Why couldn't I reverse engineer my Gmail inbox?*
*A note: I pay for Google Workplace, so I use the paid version of Gmail. I have not tried this method in my free Gmail account, which is itself a spectacular failure.
My Gmail tabs workaround, in brief
Gmail has five default tabs whose names can't be changed: Inbox, Social, Promotions, Updates and Forums. I've now restructured my email as such:
- Inbox. Personal and work emails, only what I need to read and reply to within a day.
- Social. Newsletters from individuals and a select few editorial groups. Mixed entertainment and professional.
- Promotions. Most publications and content-forward business emails
- Updates. Updates from software I use, invoices/bills I need to see, and news emails from software I don't use but want to track for client work
- Forums. All the consumer coupon emails
Steps to make Gmail a nicer, healthier place
Here's how I rejiggered my Gmail tabs to make my inbox a better place:
- Turn on all five inbox tabs in the Gmail settings. One day I'll amend this blog post to add this whole process, but y'know, self-induced deadlines.
- Create a priority tab where I see each email. I'd used filter/folder strategies in the past to organize important client communications, but I missed important messages that were misfiltered. Now, I move anything from a client or a friend, all my most important emails, to the main tab: my inbox.
- My inbox is only for friends, clients and other personal and work emails that I want to see immediately. Two very special daily newsletters also find their home in my inbox, but mostly: if I can hold more than a day on reading it, it goes into another folder.
- Star the most important emails, especially those that need responses. I respond to them in bulk before work, at lunch, or (rarely) at the end of the day.
- Unsubscribe from email notifications from any software I use regularly (social media, project management tools, Slack). If I find the communication valuable, I'll log in directly to the tool and respond to messages there. Slimming down the number of emails from software DMs wonders for my sanity.
- Move all personal email newsletters that I like reading, but not every day, into the Social folder. If I see a subject line that interests me, I'll click through, but generally I save these emails for when I'm chilling out, riding public transit, or looking for something smart to chew on in between tasks.
This method separates out the newsletters that piss me off sometimes, so I can read them when I'm in a place where I can tolerate annoyance (aka not in the middle of my workday).

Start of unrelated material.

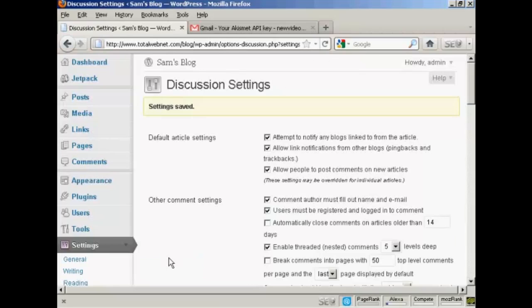So there we are. The settings are all saved. And that should help prevent spam comments from being placed on this blog.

I'll star emails that I want to link to in the newsletter or remember in some other way. - Keep all the agency, business, and content marketing emails in the Promotions folder, where they belong. Eliminate all consumer promotions from this folder by unsubscribing or moving them to the previously unused Forums folder.
- Move all newsletters from software companies into the Updates folder. Ensure updates folder only covers the most important invoices, billing notifications, and "what's new" emails from software companies.
- Everything else that I get don't want to look at often because it's an ad: Forums. If I'm going shopping, I'll scan the forums for special offers. It's also where the political emails go, although I've unsubscribed from almost all.
If someone sends me a personal email out of nowhere, it normally lands in my inbox, but if not, I'll move it and star so I can respond when I see it. If I get an unfamiliar email, it goes to spam quickly. If your company suddenly starts cluttering up any of the above folders, I'll unsubscribe.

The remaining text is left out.